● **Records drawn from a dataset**
--------
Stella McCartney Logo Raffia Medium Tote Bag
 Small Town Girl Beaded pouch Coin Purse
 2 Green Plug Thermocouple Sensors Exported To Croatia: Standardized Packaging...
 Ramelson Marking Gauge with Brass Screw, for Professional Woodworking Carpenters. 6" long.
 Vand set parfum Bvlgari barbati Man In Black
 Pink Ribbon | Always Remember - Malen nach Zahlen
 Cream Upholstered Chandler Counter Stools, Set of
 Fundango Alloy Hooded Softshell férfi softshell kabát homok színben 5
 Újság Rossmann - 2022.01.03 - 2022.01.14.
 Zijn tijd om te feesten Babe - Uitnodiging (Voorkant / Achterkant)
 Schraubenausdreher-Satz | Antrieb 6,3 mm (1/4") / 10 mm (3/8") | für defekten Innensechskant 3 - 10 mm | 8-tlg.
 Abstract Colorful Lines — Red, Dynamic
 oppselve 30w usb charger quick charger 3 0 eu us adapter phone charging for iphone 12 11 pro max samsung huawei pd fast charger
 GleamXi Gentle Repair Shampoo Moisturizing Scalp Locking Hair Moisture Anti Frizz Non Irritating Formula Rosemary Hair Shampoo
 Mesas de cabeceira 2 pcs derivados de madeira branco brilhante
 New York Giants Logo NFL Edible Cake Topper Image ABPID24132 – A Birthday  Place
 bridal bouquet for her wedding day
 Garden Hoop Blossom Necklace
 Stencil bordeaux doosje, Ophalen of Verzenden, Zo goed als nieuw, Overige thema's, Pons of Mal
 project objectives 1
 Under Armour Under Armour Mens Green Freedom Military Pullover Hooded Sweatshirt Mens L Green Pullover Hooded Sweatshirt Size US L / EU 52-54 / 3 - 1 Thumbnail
--------
● **WHAT YOU WILL DO**
Could you retype all of the entries, leaving every character unchanged?

● **TASK OUTPUT**
Stella McCartney Logo Raffia Medium Tote Bag
 Small Town Girl Beaded pouch Coin Purse
 2 Green Plug Thermocouple Sensors Exported To Croatia: Standardized Packaging...
 Ramelson Marking Gauge with Brass Screw, for Professional Woodworking Carpenters. 6" long.
 Vand set parfum Bvlgari barbati Man In Black
 Pink Ribbon | Always Remember - Malen nach Zahlen
 Cream Upholstered Chandler Counter Stools, Set of
 Fundango Alloy Hooded Softshell férfi softshell kabát homok színben 5
 Újság Rossmann - 2022.01.03 - 2022.01.14.
 Zijn tijd om te feesten Babe - Uitnodiging (Voorkant / Achterkant)
 Schraubenausdreher-Satz | Antrieb 6,3 mm (1/4") / 10 mm (3/8") | für defekten Innensechskant 3 - 10 mm | 8-tlg.
 Abstract Colorful Lines — Red, Dynamic
 oppselve 30w usb charger quick charger 3 0 eu us adapter phone charging for iphone 12 11 pro max samsung huawei pd fast charger
 GleamXi Gentle Repair Shampoo Moisturizing Scalp Locking Hair Moisture Anti Frizz Non Irritating Formula Rosemary Hair Shampoo
 Mesas de cabeceira 2 pcs derivados de madeira branco brilhante
 New York Giants Logo NFL Edible Cake Topper Image ABPID24132 – A Birthday  Place
 bridal bouquet for her wedding day
 Garden Hoop Blossom Necklace
 Stencil bordeaux doosje, Ophalen of Verzenden, Zo goed als nieuw, Overige thema's, Pons of Mal
 project objectives 1
 Under Armour Under Armour Mens Green Freedom Military Pullover Hooded Sweatshirt Mens L Green Pullover Hooded Sweatshirt Size US L / EU 52-54 / 3 - 1 Thumbnail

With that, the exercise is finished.